A drive around the M25 as the sun came up, several brioches and large cups of tea later, and we were on our flight to Toulouse, which is just under two hours away from London. By lunchtime we were in our hire car heading up the autoroute towards Montauban, capital of the Tarn-et-Garonne département in Occitanie.
It was October half term, the leaves on the trees were a rich russet colour, but the sun was still warm when it broke through the clouds. Our home for the next week would be a charming stone gîte, surrounded by fields, in the heart of the countryside in rural Labarthe.
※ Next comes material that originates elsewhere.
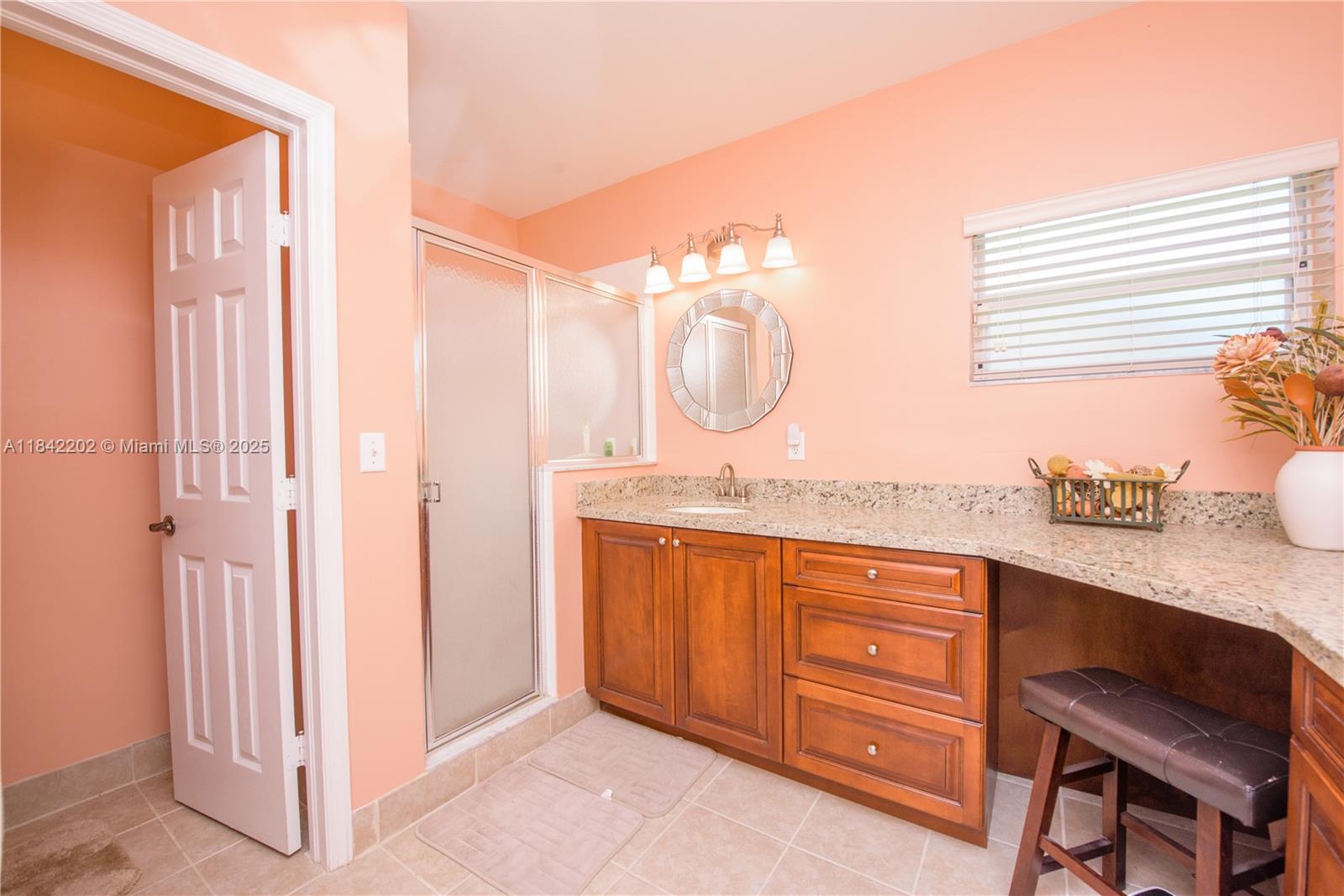 460 Se 24th Dr Property Photo 15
We had no immediate neighbours, aside from some owls we could hear hooting at night, plenty of space to roam and a beautiful view down to the church.
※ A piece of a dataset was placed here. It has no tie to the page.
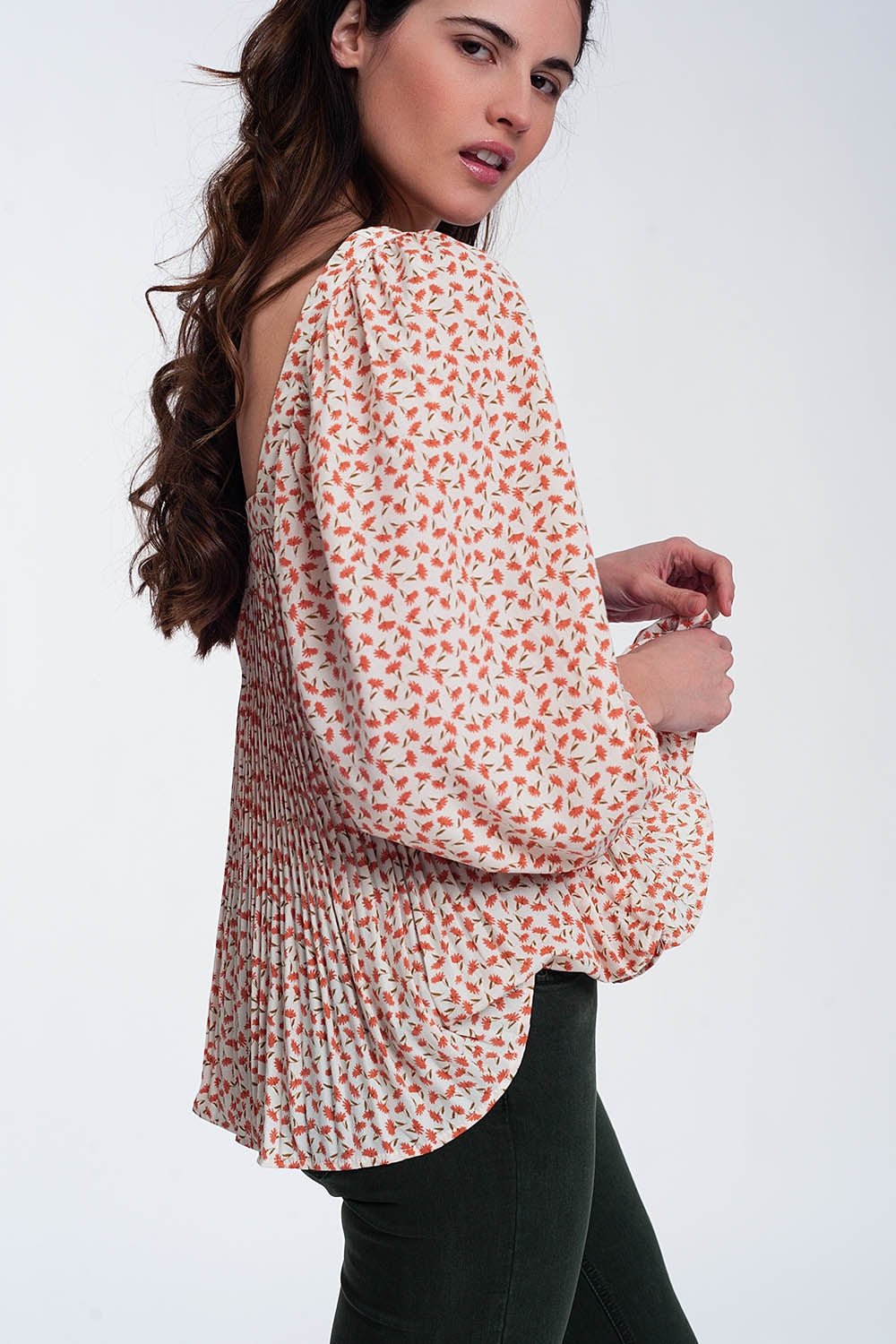 Top floral coral com decote quadrado e mangas insufláveis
This whole area, renowned for its rivers, orchards and nature, has embraced the idea of ‘slow tourism’, taking your time to linger in one of its pretty historical villages over lunch or spending a day walking along the Canal des Deux-Mers, which makes for a wonderfully relaxed family escape.
Our first stop was Lauzerte, one of the famous Plus Beaux Villages de France which is perched on top of a hill with impressive views of the surrounding Quercy Blanc countryside. This peaceful bastide was built in the 12th century and has many medieval houses as well as Le Jardin du Pèlerin, a garden at the foot of the old ramparts which celebrates the town’s location as a stopping off point on the popular pilgrimage to Santiago de Compostela.
In the main square, alongside the pretty semi-circular arches, is also a modern sculpture by a local ceramic artist of an uplifted corner revealing brightly coloured tiles beneath, which inquisitive little feet just can’t resist clambering on.
Next morning after croissants and jam, we called in at Moulin Géraud, a mill dating to the 15th century, just a short drive from our gîte, which has been lovingly restored by its owner, Jean-Michel Ferru. He offers tours of the watermill, which is filled with old photos and artefacts from years gone by, as well as selling galettes made from the freshly milled flour.
The mill had been left neglected and abandoned when Monsieur Ferru, a former grain merchant, rescued it and learnt the technique of milling and baking while carrying out restoration work.
After climbing the old stairs, seeing the millstone in action, exploring the garden and being tantalised by biscuits, the children were famished so we headed to nearby Vazerac for lunch. La Grange is a laid-back neighbourhood restaurant where specialities include Catalan stew and fish a la plancha. It also rustles up a mean omelette, jacket potato and grilled vegetables for younger diners, with a delicious mini croustade for dessert.
Our next destination was Domaine du Gazania in Labastide-du-Temple, a family-run plant nursery and wine producer which branched out to build a large exotic greenhouse garden within its grounds. As it can get very cold in this region in winter, the Colombié family wanted to create an attraction which could be enjoyed all year round.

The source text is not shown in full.